__Data records__
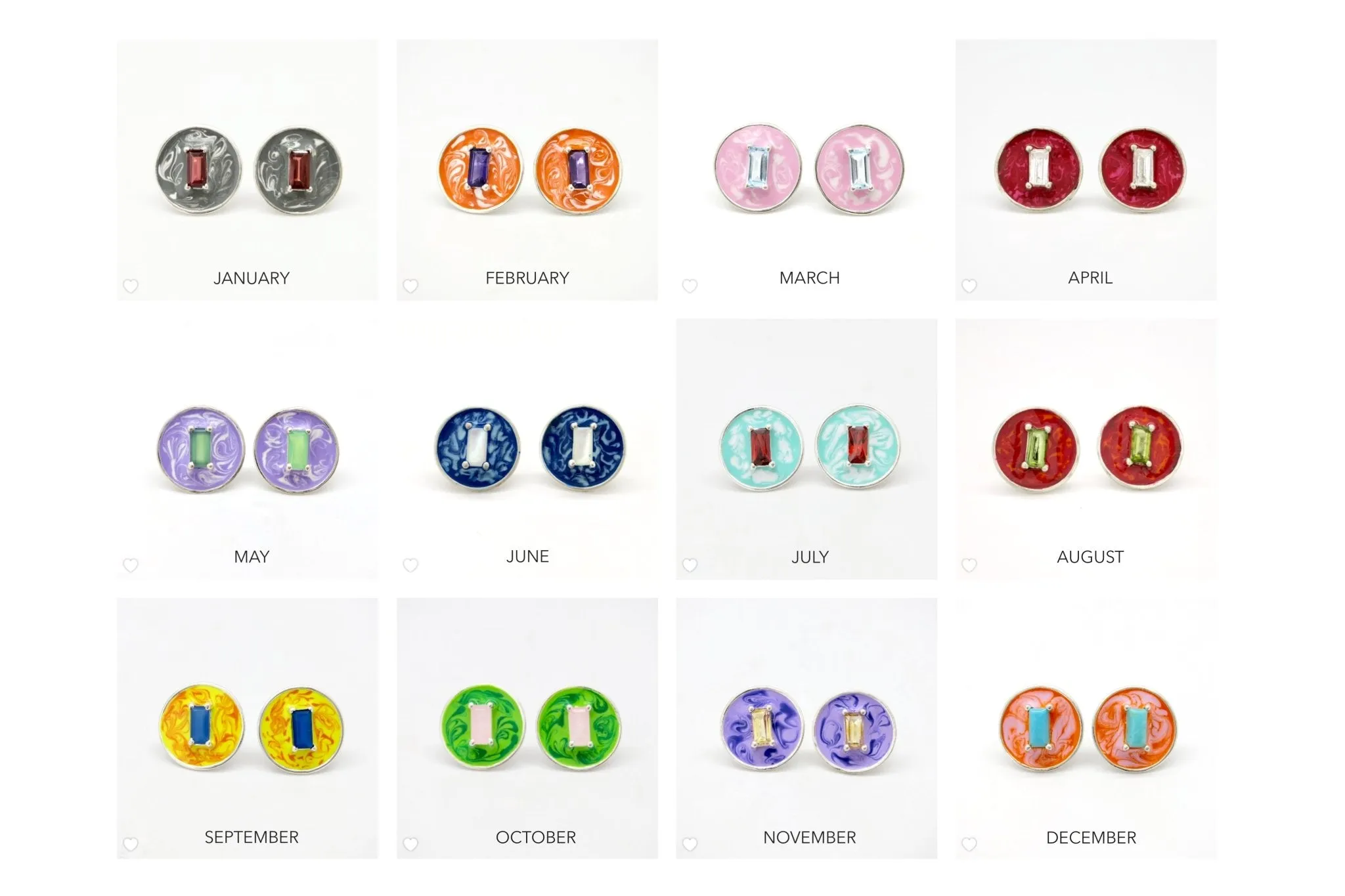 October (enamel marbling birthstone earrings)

* * *

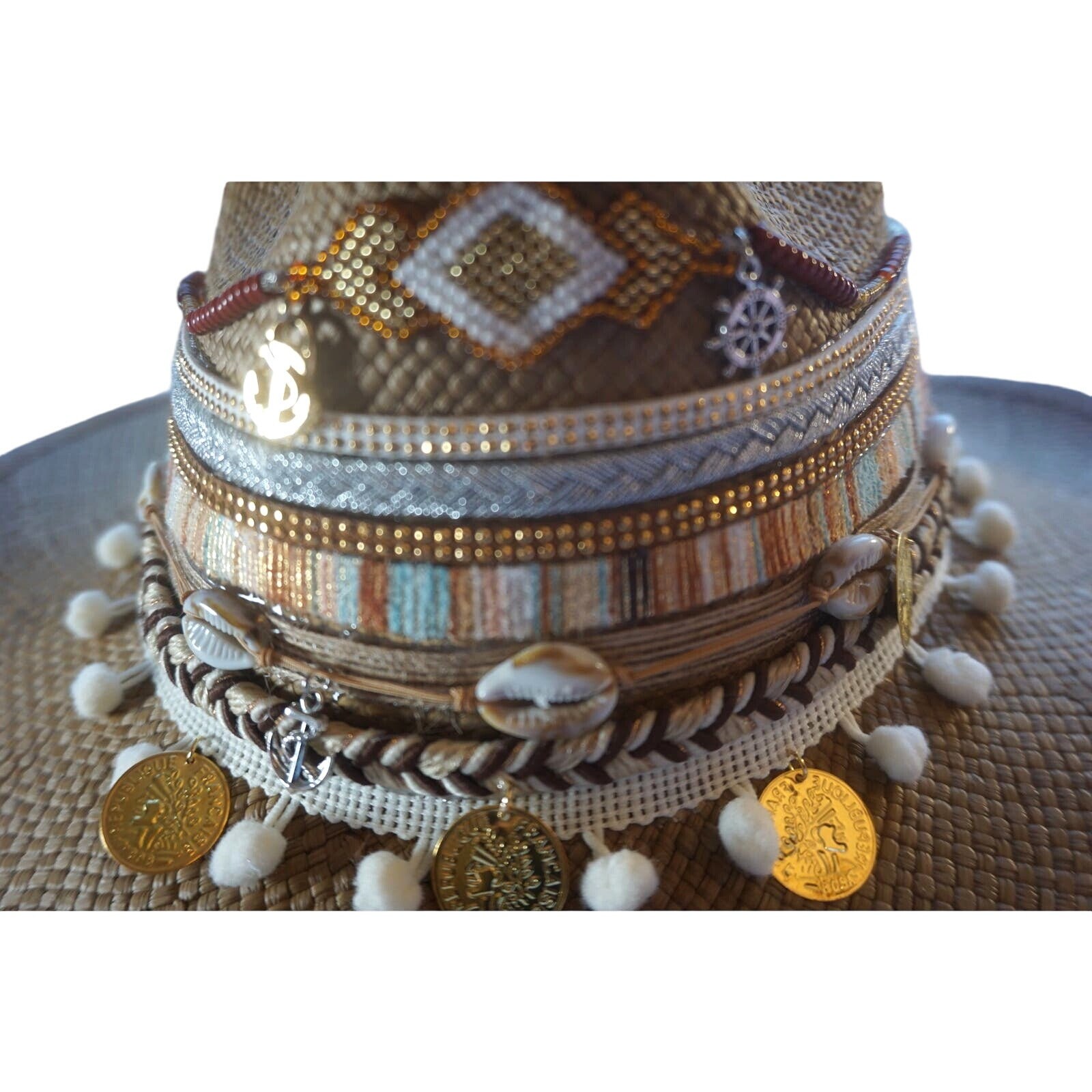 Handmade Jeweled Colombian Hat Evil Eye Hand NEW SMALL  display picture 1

---

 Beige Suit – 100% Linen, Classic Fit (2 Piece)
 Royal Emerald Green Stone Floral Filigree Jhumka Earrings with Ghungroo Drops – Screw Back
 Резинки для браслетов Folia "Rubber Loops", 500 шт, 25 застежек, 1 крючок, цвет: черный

__What is required__
Your answer should consist solely of the lines above from the line with "Royal Emerald Green" to the line with "Резинки для браслетов", both included, reproduced exactly.

__Answer__
 Royal Emerald Green Stone Floral Filigree Jhumka Earrings with Ghungroo Drops – Screw Back
 Резинки для браслетов Folia "Rubber Loops", 500 шт, 25 застежек, 1 крючок, цвет: черный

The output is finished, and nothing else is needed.